6.      Progressive achievement of socioeconomic rights. A state must take measures, “to the maximum of its available resources, with a view to achieving progressively the full realization” of socioeconomic rights (Article 2.1 of the Covenant). The state bears the burden of proof to show that its policies are moving forward expeditiously and effectively towards the ultimate fulfillment of these rights.

7.      All appropriate policies. Article 2.1 of the Covenant mentions a few tools, such as international cooperation and legislative measures. Yet, it broadly refers to “all appropriate means”, which opens the door for budget analysis and even judicial enforcement of socioeconomic rights.

8.      No retroactive measures. The obligation to fulfill economic and social rights prevents states from taking measures that constitute a step back in the level of socioeconomic rights of the population[7]. This obligation is of immediate effect, so it is also applicable in times of economic recession. The state bears the burden of proof.

9.      Accountability and right to remedy. International human rights law and its domestication set up a collection of mechanisms that allow individuals and groups to monitor state policies and, in some instances, to lodge individual complaints and have access to effective remedies in case of violation of their rights.

10.     Access to information, impact assessment and active participation.
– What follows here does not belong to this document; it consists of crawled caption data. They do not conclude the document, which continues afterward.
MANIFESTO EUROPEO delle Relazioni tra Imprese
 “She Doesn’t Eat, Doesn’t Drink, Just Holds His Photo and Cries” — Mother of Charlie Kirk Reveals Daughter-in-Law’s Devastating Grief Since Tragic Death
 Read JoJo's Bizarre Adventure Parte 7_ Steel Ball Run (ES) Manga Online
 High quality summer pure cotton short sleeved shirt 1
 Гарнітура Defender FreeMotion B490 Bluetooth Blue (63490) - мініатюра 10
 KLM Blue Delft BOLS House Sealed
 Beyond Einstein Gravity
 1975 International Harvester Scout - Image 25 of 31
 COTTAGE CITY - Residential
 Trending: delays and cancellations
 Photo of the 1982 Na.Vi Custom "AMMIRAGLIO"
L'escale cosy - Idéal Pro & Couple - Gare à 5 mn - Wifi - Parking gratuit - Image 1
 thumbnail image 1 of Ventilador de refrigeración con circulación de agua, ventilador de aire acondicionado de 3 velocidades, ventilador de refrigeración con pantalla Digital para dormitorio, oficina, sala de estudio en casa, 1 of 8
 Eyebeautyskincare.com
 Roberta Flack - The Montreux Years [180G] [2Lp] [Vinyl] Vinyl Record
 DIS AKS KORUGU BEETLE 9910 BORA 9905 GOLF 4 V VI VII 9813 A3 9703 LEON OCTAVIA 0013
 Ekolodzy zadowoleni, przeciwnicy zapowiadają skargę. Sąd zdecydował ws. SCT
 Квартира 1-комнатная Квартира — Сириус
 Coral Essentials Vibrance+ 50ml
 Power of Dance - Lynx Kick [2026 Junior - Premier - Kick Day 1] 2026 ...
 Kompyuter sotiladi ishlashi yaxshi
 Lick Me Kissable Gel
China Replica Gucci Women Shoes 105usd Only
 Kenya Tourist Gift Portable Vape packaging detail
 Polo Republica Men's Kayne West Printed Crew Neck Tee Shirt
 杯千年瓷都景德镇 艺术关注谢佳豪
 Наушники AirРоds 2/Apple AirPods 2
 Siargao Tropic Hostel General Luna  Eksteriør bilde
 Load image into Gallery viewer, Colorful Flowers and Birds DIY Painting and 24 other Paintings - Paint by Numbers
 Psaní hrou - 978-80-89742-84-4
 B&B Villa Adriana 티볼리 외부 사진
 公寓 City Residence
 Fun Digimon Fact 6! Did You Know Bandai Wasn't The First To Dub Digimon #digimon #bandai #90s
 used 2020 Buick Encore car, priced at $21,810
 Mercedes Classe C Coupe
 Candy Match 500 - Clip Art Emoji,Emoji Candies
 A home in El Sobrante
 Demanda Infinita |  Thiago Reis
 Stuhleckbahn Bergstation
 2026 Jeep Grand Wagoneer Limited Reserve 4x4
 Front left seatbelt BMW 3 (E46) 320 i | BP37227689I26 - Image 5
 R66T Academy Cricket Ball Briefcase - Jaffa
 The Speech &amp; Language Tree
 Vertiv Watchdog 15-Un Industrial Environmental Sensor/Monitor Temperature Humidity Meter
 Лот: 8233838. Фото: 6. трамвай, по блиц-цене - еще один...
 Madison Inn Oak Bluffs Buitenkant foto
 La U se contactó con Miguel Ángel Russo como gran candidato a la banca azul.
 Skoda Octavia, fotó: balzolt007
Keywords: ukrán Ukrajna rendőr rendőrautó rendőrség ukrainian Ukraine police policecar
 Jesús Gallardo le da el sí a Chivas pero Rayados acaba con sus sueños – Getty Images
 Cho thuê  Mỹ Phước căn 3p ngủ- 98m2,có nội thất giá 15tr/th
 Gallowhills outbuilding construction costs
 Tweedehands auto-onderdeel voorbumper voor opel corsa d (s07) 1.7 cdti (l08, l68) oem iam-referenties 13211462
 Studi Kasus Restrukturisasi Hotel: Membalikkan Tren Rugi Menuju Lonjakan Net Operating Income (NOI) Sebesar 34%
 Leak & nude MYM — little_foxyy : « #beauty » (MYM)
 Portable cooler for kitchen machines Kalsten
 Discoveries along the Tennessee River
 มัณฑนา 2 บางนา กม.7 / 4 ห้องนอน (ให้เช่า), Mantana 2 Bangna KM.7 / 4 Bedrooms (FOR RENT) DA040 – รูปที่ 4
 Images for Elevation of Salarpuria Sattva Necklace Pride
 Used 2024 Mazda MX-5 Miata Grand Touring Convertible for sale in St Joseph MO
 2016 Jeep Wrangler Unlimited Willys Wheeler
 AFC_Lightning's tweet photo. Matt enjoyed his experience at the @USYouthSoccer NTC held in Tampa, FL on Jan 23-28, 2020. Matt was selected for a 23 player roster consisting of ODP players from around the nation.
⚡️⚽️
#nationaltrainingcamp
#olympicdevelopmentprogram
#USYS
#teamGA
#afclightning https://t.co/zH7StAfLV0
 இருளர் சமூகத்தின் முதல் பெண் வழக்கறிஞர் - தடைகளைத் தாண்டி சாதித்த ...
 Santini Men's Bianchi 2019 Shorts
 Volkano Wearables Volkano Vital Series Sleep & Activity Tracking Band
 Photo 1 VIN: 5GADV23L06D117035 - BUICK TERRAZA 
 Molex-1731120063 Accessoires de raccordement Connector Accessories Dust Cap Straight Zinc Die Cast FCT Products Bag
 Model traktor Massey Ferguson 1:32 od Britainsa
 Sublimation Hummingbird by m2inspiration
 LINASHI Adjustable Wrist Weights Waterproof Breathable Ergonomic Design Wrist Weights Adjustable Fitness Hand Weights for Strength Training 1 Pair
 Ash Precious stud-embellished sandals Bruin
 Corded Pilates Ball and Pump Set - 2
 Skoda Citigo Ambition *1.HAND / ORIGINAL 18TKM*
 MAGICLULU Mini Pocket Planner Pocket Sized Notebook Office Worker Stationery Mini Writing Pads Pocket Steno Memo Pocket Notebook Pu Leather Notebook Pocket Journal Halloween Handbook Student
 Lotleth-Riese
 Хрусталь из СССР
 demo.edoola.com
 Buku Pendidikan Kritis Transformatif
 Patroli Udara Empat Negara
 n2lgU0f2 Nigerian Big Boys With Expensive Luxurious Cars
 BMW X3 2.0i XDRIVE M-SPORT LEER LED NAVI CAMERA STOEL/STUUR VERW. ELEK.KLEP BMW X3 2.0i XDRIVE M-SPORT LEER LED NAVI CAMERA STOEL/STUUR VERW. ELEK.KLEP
As a corollary of all of the above, governments are obliged to provide information about the way in which they are getting the population closer to the ultimate goal of the fulfillment of socioeconomic rights. This requires institutionalizing impact assessment and facilitating active participation to monitor state practices.

[1] UN Committee on Economic, Social and Cultural Rights, General Comment 3, The nature of State parties’ obligations, UN doc. E/1991/23, 14 December 1990, para. 10.

[2] Ibid, para. 2.

[3] Article 2.2 of the Covenant; UN CESCR, General Comment 20, Non-discrimination in economic, social and cultural rights, UN doc. E/C.12/GC/20, 2 July 2009; UN Human Rights Committee, Communication No. 172/1984, S. W. M. Broeks v. the Netherlands, Views adopted on 9 April 1987, para. 12.4; UN Human Rights Committee, General Comment 18, Non-discrimination, U.N. Doc. HRI/GEN/1/Rev.6, 10 November 1989.

[4] UN CESCR, General Comment 3, op. cit., para. 12.

[5] Overall, see SEPÚLVEDA, Magdalena, The Nature of the Obligations under the International Covenant on Economic, Social and Cultural Rights, Mortsel (Belgium): Intersentia, 2003.

[6] For example, Inter-American Court of Human Rights, Ximenes Lopes v. Brazil, Judgment of 4 July 2006, para. 86 and 87.

[7] UN CESCR, General Comment 3, op. cit., para. 9; also, SEPÚLVEDA, M., The Nature of the Obligations…, op. cit., pp. 323-332.